Judicial Watch on November 23, 2016, asked the court to reject the State Department’s secrecy claims over the Clinton email documents on the grounds the documents relate to government misconduct. Judicial Watch argued the agency should release the 30 emails that had been withheld under “deliberative process,” “attorney client,” and “attorney work product” privileges.
Judicial Watch argued that Clinton’s email practices at the State Department constituted misconduct:
The U.S. federal government has produced two State Department Inspector General reports and a report following an FBI investigation, which collectively support the conclusion that, at a minimum, the unofficial server arrangement was misconduct even if it was not a prosecutable violation of criminal law or one that will necessarily result in civil liability. Secretary Clinton herself has called the unofficial server arrangement a ‘mistake’ …
The State Department’s descriptions of the documents show that the department may have misled the public about the Clinton email scandal:
The Vaughn [withholding index] description of these records appears to show, at least in part, a public relations campaign orchestrated by Defendant to create a false equivalence between Secretary Clinton’s unofficial server and the records management practices of former Secretaries Condoleezza Rice, Colin Powell, and Madeleine Albright. No one believes that Madeleine Albright used an unofficial server located at her residence for government communications. Nor did Colin Powell hold 30,000 government records in his possession for two years after he left the State Department. Accordingly, it would appear that one purpose of the withheld discussions in this case was to manage the public messaging about government misconduct so as to mislead the public as to its severity.

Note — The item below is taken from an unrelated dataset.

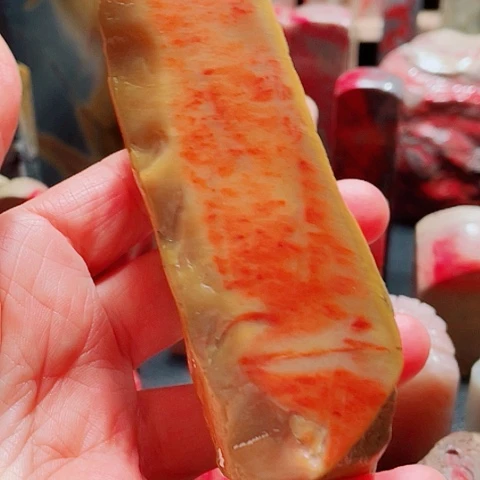 昌化石1**熊昌化精品黄皮红田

Judicial Watch asked the court to reject the State Department’s efforts to shield documents under the “deliberative process privilege,” among other assorted privileges, in order to protect the confidentiality of internal deliberations:
In this Circuit, the government misconduct exception to the deliberative process privilege applies in two circumstances. First, the “deliberative process privilege disappears altogether when there is any reason to believe government misconduct occurred.” And second, “where there is reason to believe the documents sought may shed light on government misconduct, the privilege is routinely denied on the grounds that shielding internal government deliberations in this context does no serve the public’s interest in honest, effective government.” … Both exceptions apply to the 30 documents in question here…
“It is significant that federal court will review these Clinton email documents for evidence of government misconduct,” said Judicial Watch President Tom Fitton. “This important court victory shows that we are now only in the middle of the Clinton email scandal.”